Clearly, this requires some planning, some research, and some important discussions with my boyfriend. Overall, though, I am on the road to becoming a vegetarian. Wondering why I have decided this all of a sudden? I saw a video in my ethics class today that disturbed and pained me so much that I don't think I can justify eating meat anymore, unless I can confirm that the animals were treated humanely during their lives and killed humanely at their time of death. I will post the video when my teacher emails me the link.

Learning lots,

Here is the link to the video. I warn you, the images are very disturbing and graphic. This is not fun to watch, but it is powerful. The argument in this video subtely changes throughout, but reagrdless of what the narrator says, it is what is shown that really matters.

Monday, April 19, 2010

MATH! haha just kidding

Two more weeks of classes and then one week of finals, for which I don't actually have to take any finals! I have a bunch of huge projects due during or before finals week that are taking up a lot of my time right now. I was a poor planner earlier in the semester and didn't get a great head start on my editing portfolio (which, to give you an idea of the ginormity of it, will consist of, at least, fifty pages of edited material and an explanation page for each, plus extra project parts for certain documents, not to mention a few pages of professional intros and lots of other fun but time-consuming pages...) and that is pretty much taking over my life right now. If fate is with me, then the project won't be due until finals week. However, since I haven't actually written down the due date, I have no clue when I need to get it done by... aaaand, go!

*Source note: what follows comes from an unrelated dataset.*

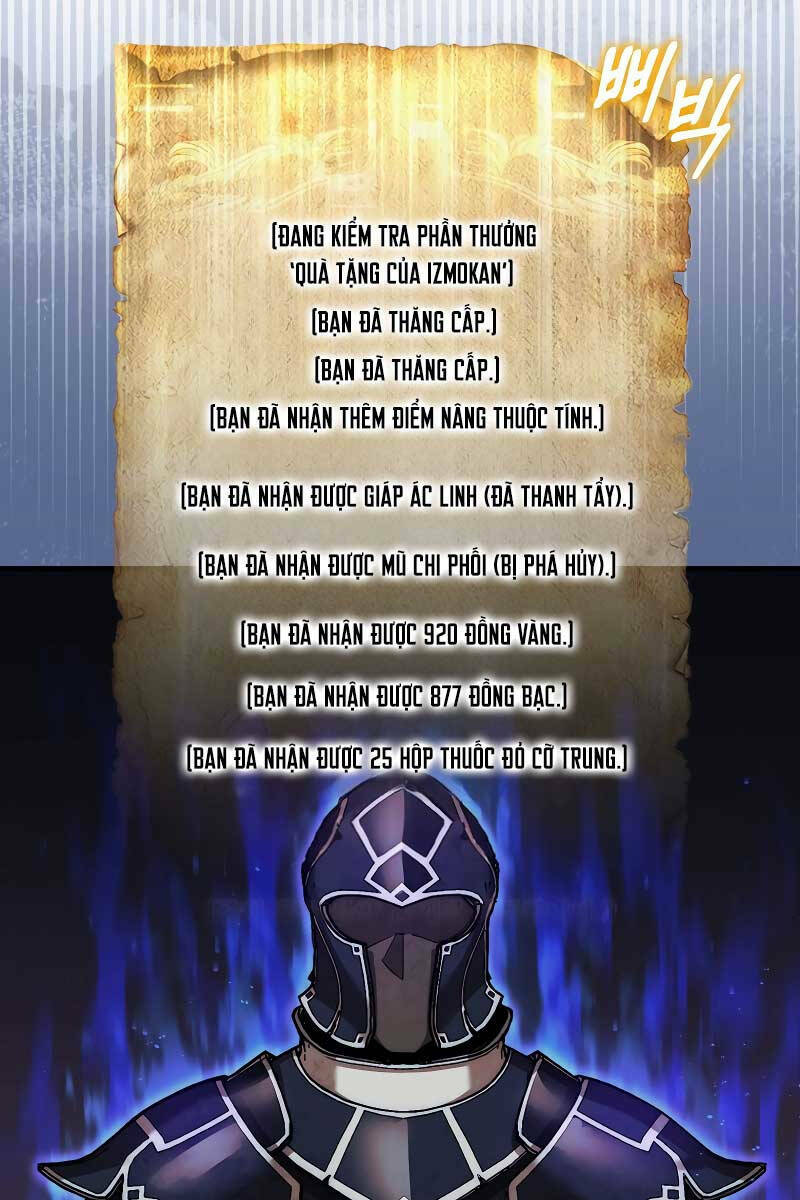 Quân Cờ Thứ 31 Lật Ngược Ván Cờ - Chapter 24 - Page 3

I'm also moving out of my current house shortly after I graduate and moving some of my stuff into my boyfriend's small apartment and the rest of it (like my desk, bookshelf, winter gear, and dresser) to his parent's basement/garage. Thank goodness they live close and are willing to let me store my stuff there for a few months before my boyfriend and I get our new place, otherwise I'd have to blow a lot of money on storage lockers, since there's no way we could get all my stuff into his tiny place and still have room to breathe. I don't even know how I'm going to fit my bare essentials, like toiletries, books, and clothes. (Yes, books are essentials.) But I will make it work, hopefully with some cleverly-stashed boxes and plastic drawers.

I had a fun facial party with my boyfriend's mom and some of her friends over the weekend. It was the biggest party I have ever done, and so it took longer than I expected. All of the women were fun and chatty, so the time felt like it was going by quickly and I was surprised by how late it was when we were done. The more I do the parties, the more I enjoy them, and the longer the span of time between them, the more I forget that I enjoy them. I have another one coming up this Thursday with one of my teachers, who is very fun and already likes Mary Kay.

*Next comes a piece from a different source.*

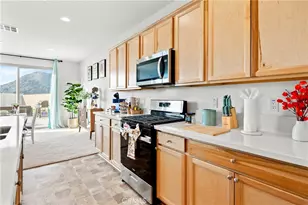 8538 Anthony, Riverside, CA 92507 - Photo 24
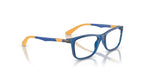 RAYBAN RY1549 3940 48 KIDS FRAME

Next weekend my mom is coming to visit. She's never seen the house I live in and, quite possibly, has never met my roommates. I'm so excited for her to come and see the things I do around here and to meet my friends. I'm going to take her to... oh wait, I can't write it here because she reads this blog! It's a surprise. Granted, there aren't too many super duper exciting things around here, but there are some places that I enjoy and I want to share them with her.

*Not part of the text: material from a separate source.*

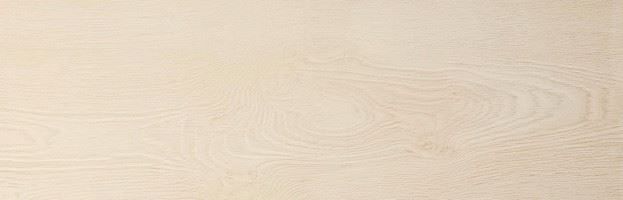 Ламинат "Profield" Ideal Дуб Айслэнд (1215*240*8 мм) — купить в Пятигорске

This afternoon I'm getting my hair cut for the first time in a long while! I've been growing it out for years and getting it trimmed when it starts to get nasty, but now it's way too long and gets tangled all the time, no matter how well I care for it. A few inches need to go! I will donate to locks of love if my hair is long enough that they can take 10 inches without leaving me with the same mistake of a hair cut that I got four years ago that made me look like Peter Pan... and not in a good way. If not, I'll just lose between 3 and 6, depending on how risky I feel like being.

Learning lots,

UPDATE: Lost 10 inches of hair today! Bumped my hair back up to my shoulders... I am getting used to it, and comforting myself with the knowledge that I just gave my hair to a child that needs it more than I do. Now, how do I style short hair??